Pourquoi maintenant ? Parce que le système est à bout. Avec 1,8 cotisant pour 1 retraité (contre 2,1 en 2020), la Sécu n’a plus les moyens de ses promesses. Mais cette réforme, présentée comme technique, est en réalité un aveu d’échec : après des années de reports, le gouvernement se résout à faire payer les retraités plutôt que de toucher aux niches fiscales ou aux régimes spéciaux.
Les syndicats menacent de mobiliser, mais le temps presse. Ceux qui veulent profiter des règles actuelles ont jusqu’au 31 décembre pour faire valoir leurs droits. Après, il sera trop tard.
Belgique : quand les communes wallonnes rompent avec le RN
La Belgique donne une leçon de résistance à la France. Plusieurs communes wallonnes, comme Huy ou Namur, viennent d’annuler leurs jumelages avec des villes françaises passées sous contrôle du Rassemblement National aux dernières municipales. Motif officiel : le "cordon sanitaire" contre l’extrême droite. Motif réel : une colère sourde contre une France qui, de l’autre côté de la frontière, semble avoir basculé dans l’indifférence.
À Huy, une plaque commémorant les mineurs résistants de Grenay (Pas-de-Calais), déportés par les nazis en 1941, a été vandalisée il y a trois mois. Personne n’a été inquiété. "On ne peut plus faire semblant de ne pas voir", explique un élu local. "Ces villes sont devenues des laboratoires de ce que la France pourrait devenir."
La France, elle, regarde ailleurs. Pendant que ses voisins belges coupent les ponts, Paris continue de négocier avec le RN sur les accords transfrontaliers. Comme si la normalisation était déjà actée.

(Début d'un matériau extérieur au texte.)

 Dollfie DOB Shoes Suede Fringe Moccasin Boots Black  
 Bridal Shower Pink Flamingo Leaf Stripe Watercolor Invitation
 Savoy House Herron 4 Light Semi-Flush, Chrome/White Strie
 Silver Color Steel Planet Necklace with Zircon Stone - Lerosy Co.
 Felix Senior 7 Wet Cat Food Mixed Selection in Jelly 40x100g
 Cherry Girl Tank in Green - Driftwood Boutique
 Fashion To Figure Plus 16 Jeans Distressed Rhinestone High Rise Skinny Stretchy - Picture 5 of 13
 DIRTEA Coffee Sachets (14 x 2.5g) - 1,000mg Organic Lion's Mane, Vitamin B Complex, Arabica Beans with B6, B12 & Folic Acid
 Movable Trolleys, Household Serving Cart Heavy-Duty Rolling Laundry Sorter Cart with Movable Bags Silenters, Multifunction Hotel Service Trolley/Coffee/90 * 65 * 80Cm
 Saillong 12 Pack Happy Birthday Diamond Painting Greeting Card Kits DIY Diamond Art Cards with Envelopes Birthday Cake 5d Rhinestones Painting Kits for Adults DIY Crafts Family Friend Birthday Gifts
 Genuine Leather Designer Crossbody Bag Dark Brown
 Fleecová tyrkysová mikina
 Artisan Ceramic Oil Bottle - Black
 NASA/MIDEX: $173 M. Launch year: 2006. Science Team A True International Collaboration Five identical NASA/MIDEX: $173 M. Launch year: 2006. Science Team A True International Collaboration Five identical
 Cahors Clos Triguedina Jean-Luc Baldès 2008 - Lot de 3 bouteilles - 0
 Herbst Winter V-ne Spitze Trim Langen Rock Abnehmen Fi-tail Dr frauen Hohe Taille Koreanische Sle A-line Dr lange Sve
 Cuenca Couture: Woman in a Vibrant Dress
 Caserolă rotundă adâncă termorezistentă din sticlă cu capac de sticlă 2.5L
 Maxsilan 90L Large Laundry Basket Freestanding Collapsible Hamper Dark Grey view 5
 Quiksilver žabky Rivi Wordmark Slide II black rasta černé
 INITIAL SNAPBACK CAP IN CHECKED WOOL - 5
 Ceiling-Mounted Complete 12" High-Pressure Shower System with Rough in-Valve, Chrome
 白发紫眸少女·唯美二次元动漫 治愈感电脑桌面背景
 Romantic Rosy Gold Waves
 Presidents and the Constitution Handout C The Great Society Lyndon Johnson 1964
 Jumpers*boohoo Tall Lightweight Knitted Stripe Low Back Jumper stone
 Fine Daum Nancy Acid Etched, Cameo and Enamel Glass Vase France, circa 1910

Nahel : la Défenseure des droits exige des comptes
Un an après la mort de Nahel, tué par un policier à Nanterre, la Défenseure des droits, Claire Hédon, vient de demander une procédure disciplinaire contre l’agent responsable. Dans un rapport accablant, elle estime que le tir n’était "pas réglementaire" et que les circonstances de l’interpellation "ne justifiaient pas l’usage d’une arme à feu".
Pour la famille de Nahel, c’est une victoire symbolique. Mais dans les commissariats, la réaction est tout autre. Les syndicats policiers dénoncent une "instrumentalisation" et menacent de boycotter les formations sur le désescalade. "On nous demande de faire respecter l’ordre, mais on nous laisse sans protection", résume un gardien de la paix.
Le gouvernement, lui, navigue entre deux feux. D’un côté, il doit montrer qu’il prend au sérieux les violences policières. De l’autre, il ne peut se permettre de braquer les forces de l’ordre à quelques mois des Jeux Olympiques. Résultat : silence radio. Comme souvent, quand la France ne veut pas choisir.
Ce qu’il faut retenir de cette journée :
Le Labour britannique se déchire, et la France pourrait en payer le prix géopolitique. Pendant ce temps, l’économie française montre des signes de faiblesse là où on ne les attendait pas, et les retraités deviennent les variables d’ajustement d’un système à bout de souffle. À l’étranger, la Belgique résiste à la normalisation de l’extrême droite, tandis qu’en France, l’affaire Nahel rappelle que certaines blessures ne se referment pas.
Demain, tout peut basculer. Mais aujourd’hui, la gauche européenne a déjà perdu.